Rowan Ellis has built a digital space where complex ideas feel accessible, necessary, and deeply human. Her long-form video essays, which cover topics ranging from queer history to the politics of rest, have turned her YouTube channel into a destination for viewers seeking more than surface-level commentary.

Rowan approaches online creation with the curiosity of a researcher, the structure of a dramaturg, and the candor of someone who understands the internet not as a spectacle, but as a place where people gather to learn, question, and build community. But, before establishing herself as a digital creator, she was a student trying to understand where her interests fit. 

“I did English literature, so it was an essay-based humanities subject, very much like media analysis,” she says. That foundation led her into a master’s program in Advanced Theatre Practice at London’s Royal Central School, where she entered as a director, but left with a deeper interest in dramaturgy. The problem was that in the UK, “there weren’t many jobs for it,” she recalls. “I came out afterwards and was sort of like, I kind of don’t really know what I’m going to do.”

While studying, Rowan was quietly posting on YouTube, not to become a creator, but because the platform offered something the university didn’t: open discourse. She used the now-defunct video response feature to engage with people discussing literature, philosophy, and ideas she cared about. “It was back when YouTube allowed you to do video responses, and I would mainly do video responses with my webcam,” she says.

That modest experimentation would eventually become a career. But before that shift, Rowan worked in social media roles at the London Film School, The Pool, and, finally, at Penguin Books, running socials and events for their YA division. Those roles let her combine her varied interests at a time when she feared that choosing one path meant losing other options. “I was interested in so many different things,” she says. “I was worried that pursuing one avenue was going to shut down others.”
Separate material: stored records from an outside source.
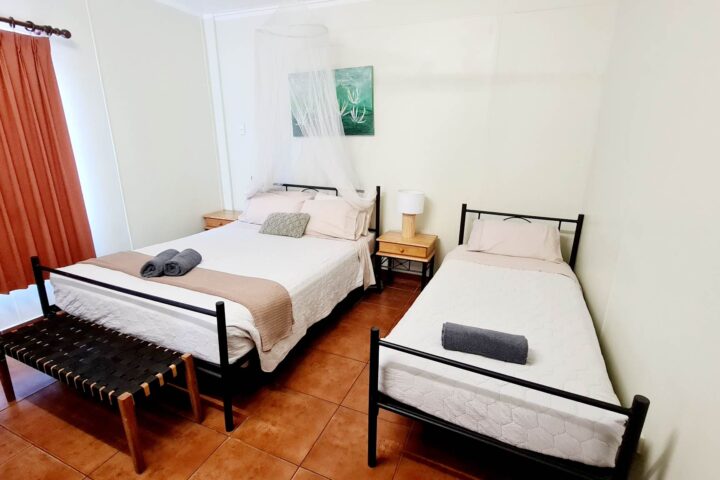 Double single bed room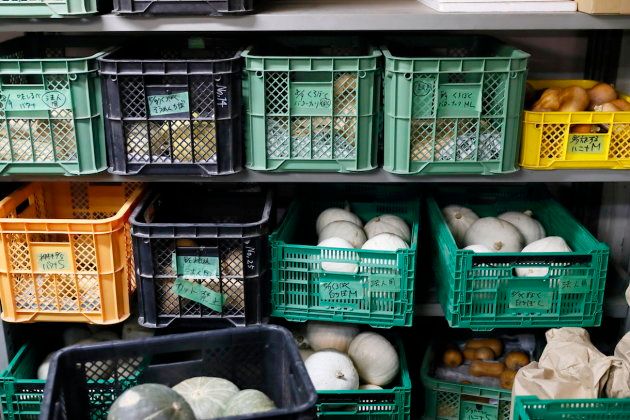 坂ノ途中本社1階では、野菜の出荷作業が行われている。ケースごとに各農家さんから届いたさまざまな野菜が収められています。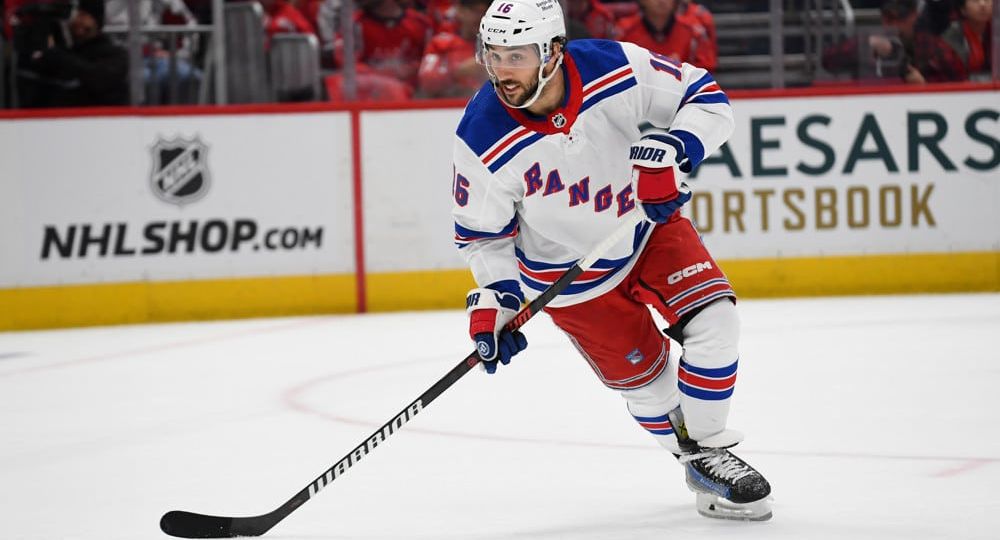 NHL: APR 28 Eastern Conference First Round - Rangers at Capitals
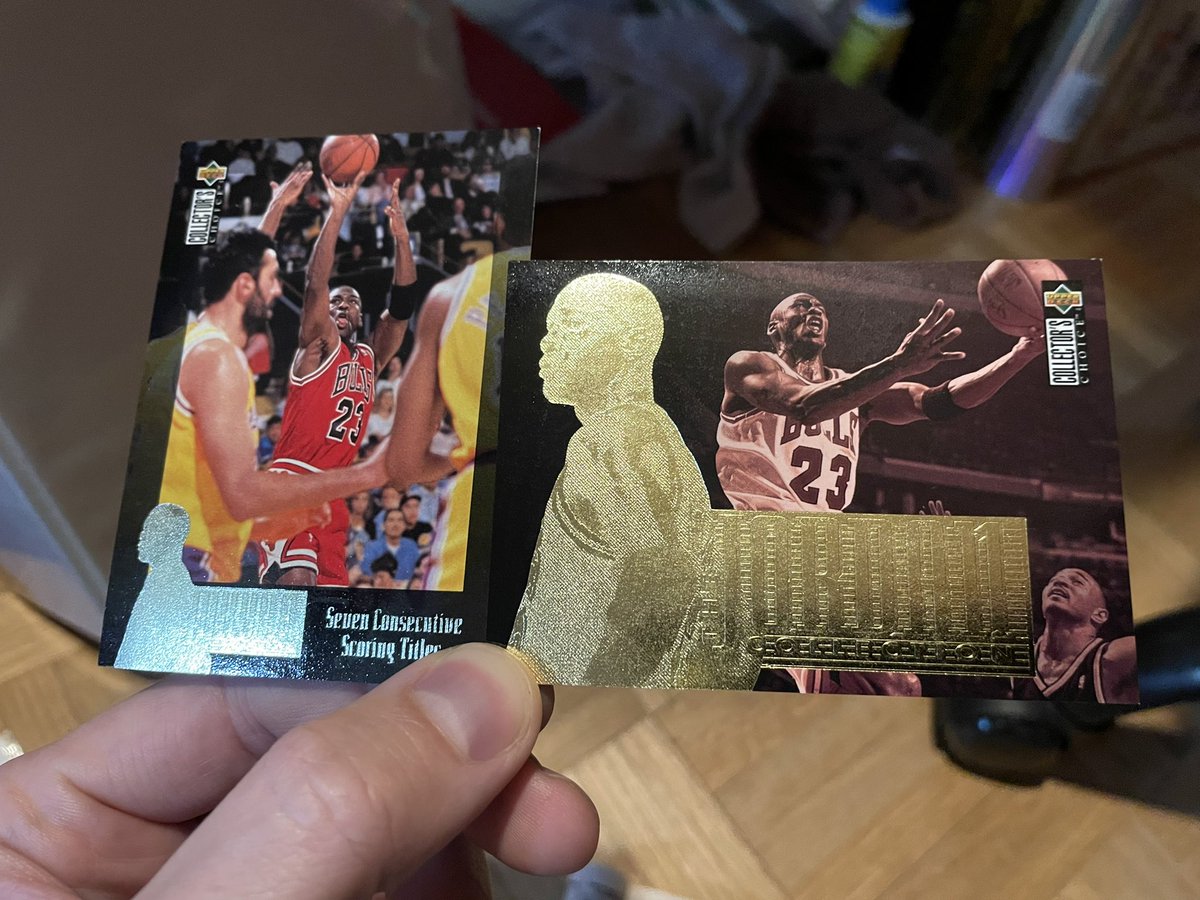 Free Giveaway!

Giving away these 4 MJ cards. 2 people will each win 2 cards. They are not gem 10 condition, but hey they are free. 

Just like &amp; retweet this tweet along with my pinned tweet. Winners will be chosen on Monday 9-1-25.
Throughout those years, YouTube remained her creative outlet, offering the intellectual engagement she loved without the gatekeeping that had frustrated her in academia. “You gave an essay to someone and they marked it, and there was no discussion,” she says. YouTube, by contrast, allowed her to build a direct relationship with an audience willing to respond to her efforts, rather than grading her work in silence.

A New Kind of Video Essayist

Rowan didn’t begin her channel intending to produce the research-heavy, 45-minute-plus videos she releases today. Her early uploads were short, playful explorations of topics she had studied, not deep dives. “The first video was actually a video about Shakespeare’s sonnets,” she says. “I was like, ‘It’s very funny to me that Shakespeare sonnets are used so often within people’s wedding days and that fundamentally Shakespeare’s sonnets are so unromantic.’”

Over time, the format around her changed. YouTube’s embrace of longer content, paired with the rise of podcasts, changed what viewers expected. “The rise in these long, hour-long podcasts primed people for the understanding that independent digital media can be long form,” she explains.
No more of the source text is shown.